As stated above, an increased PMI was observed in the treatment containing both donors (DD), which was the only one that significantly exceeded the PMI of the CtrOX sample. Moreover, the DD treatment did not differ from the control sample without oxidative stress at 20 min of incubation. The percentage of spermatozoa with an intact membrane is associated with increased fertilization potential in boar [51,52,53], and other mammals as well [54,55]. Similarly to the plasma membrane, acrosome integrity is essential for the proper function of a sperm cell during fertilization in mammals [56]. Despite no statistical significance, an interesting observation concerning acrosome integrity of SNP treatment was made, since the standard deviation was more than doubled in comparison to all other treatments.
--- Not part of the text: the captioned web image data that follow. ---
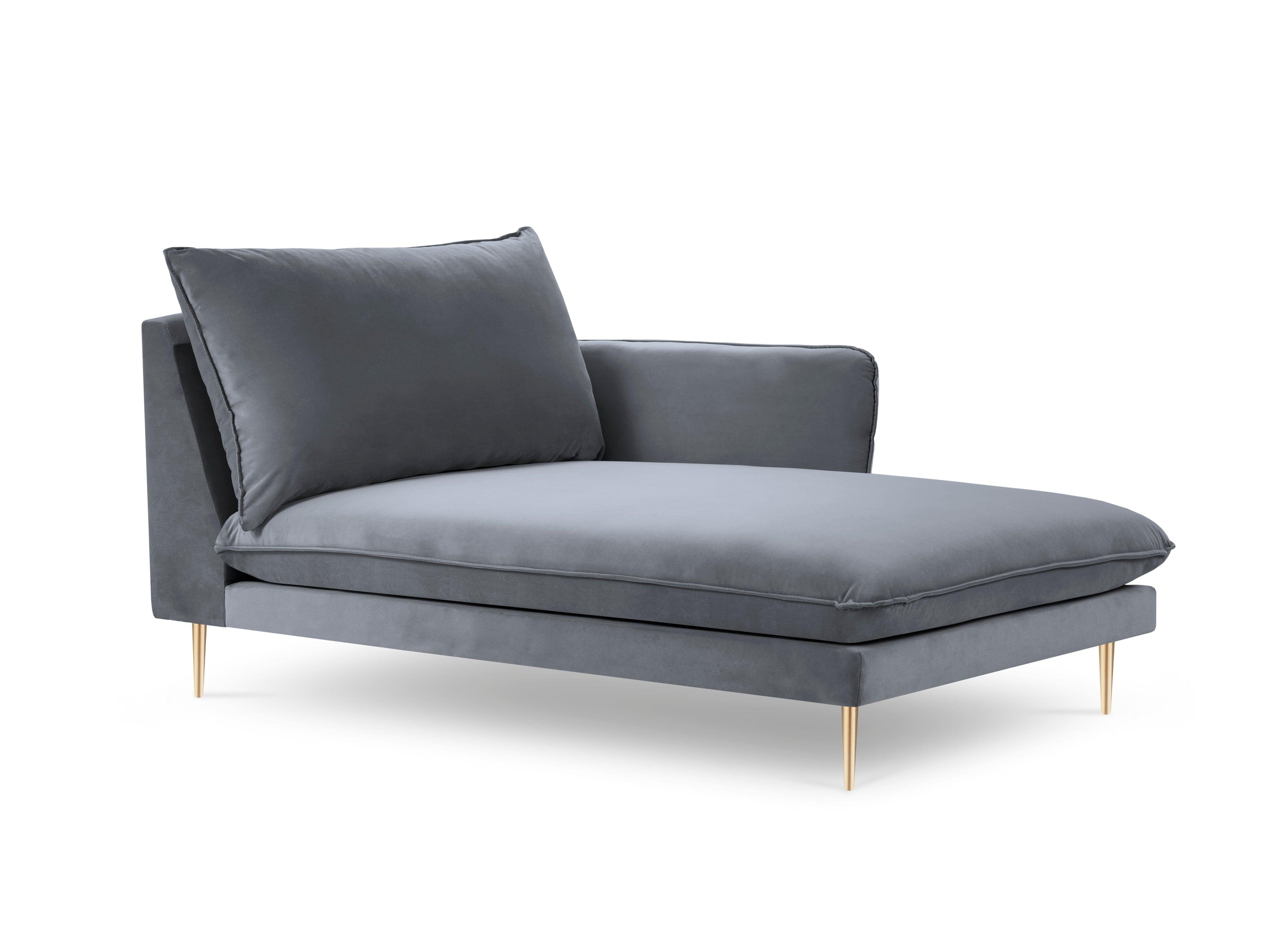 Velvet chaise longue right VIENNA grey with gold base - Eye on Design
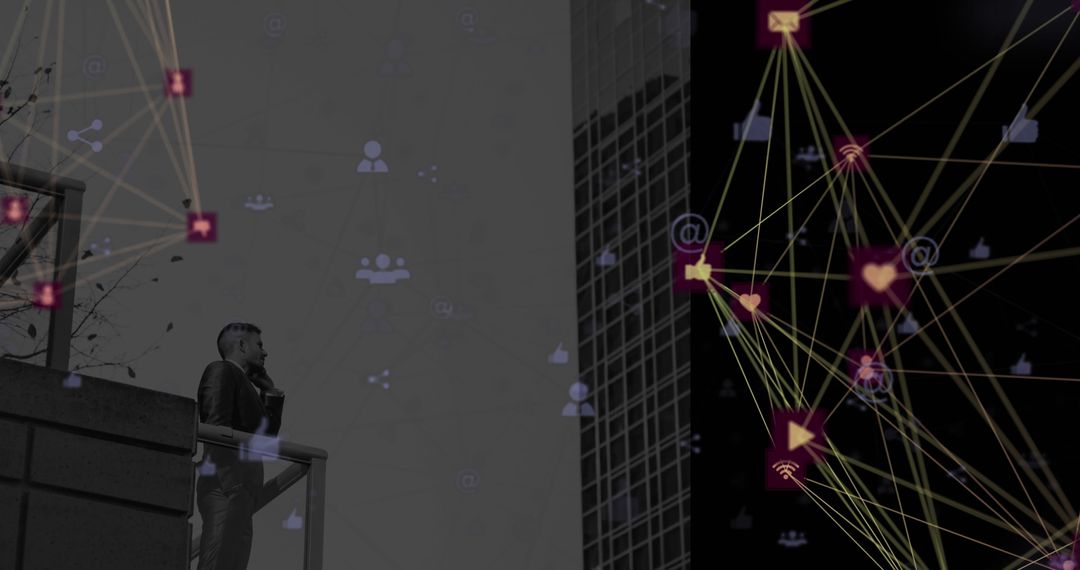 Businessman Integrating Networked Communication Technologies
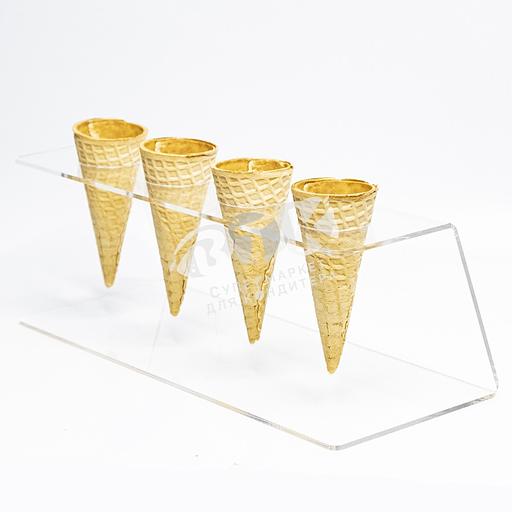 Подставка для рожков 4 ячейки оргстекло фото 2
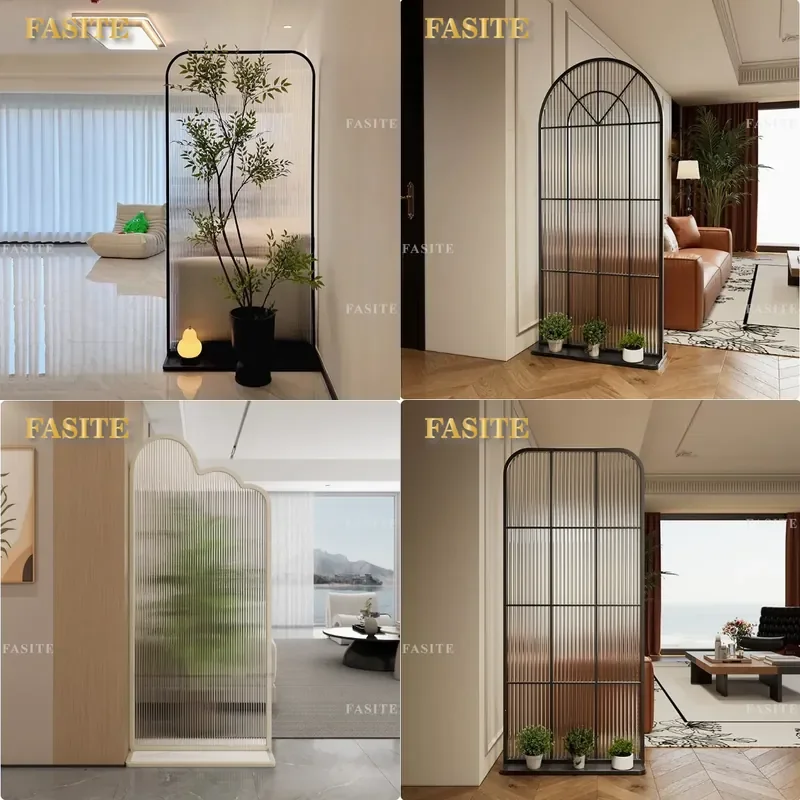 For Nordic Light Luxury Changhong Glass Screen Partition Living Room Entrance Bedroom Free Punching Modern Simple Movable
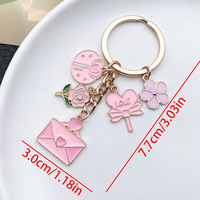 Porte-clés simple en forme de cœur rose, nouvelle potion créative personnalisée, en promotion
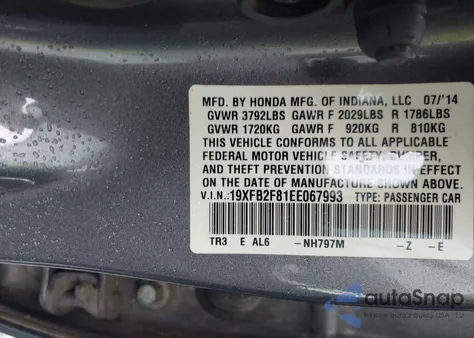 2014 Honda Civic Ex из США, поврежденный, VIN 19XFB2F81EE067993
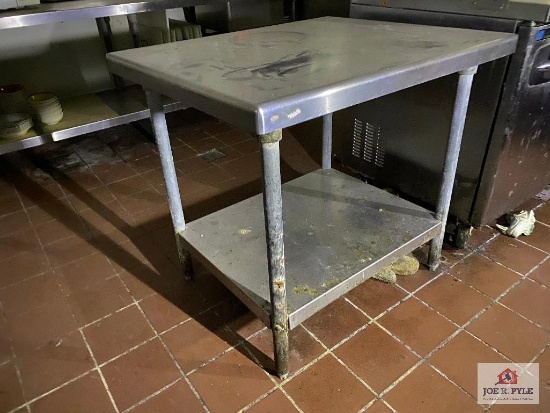 4' stainless steel prep table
Numerous studies dedicated to the effect of NO on spermatozoa demonstrated its involvement in acrosomal reaction [1,57,58]. The SNP at µM concentrations triggers acrosome reaction in human spermatozoa [59,60] and boar spermatozoa [61,62]. Our results indicate the possibility that partial acrosome membrane destabilization occurred in samples treated with 100 nM SNP. Perhaps this occurred due to conversion of NO in the presence of oxidative stress to ONOO−, which is a potent acrosomal reaction inducer.

5. Conclusions

For the first time, the effect of simultaneous application of NO and H2S donors has been tested in boar spermatozoa exposed to oxidative stress. Our results indicate a possible synergy between the two gasotransmitters, increasing progressive motility and protecting plasma membrane integrity. The dual NO and H2S donor application was the only one that resulted in an increased PMot and PMI compared to CtrOX. Interestingly, SNP treatment was rather similar to DD. On the other hand, NaHS treatment showed impaired PMot compared to DD and converged to lower motility (TMot and PMot) than Ctr. These results indicate the importance and the complexity of gasotransmitter interactions in the male gametes.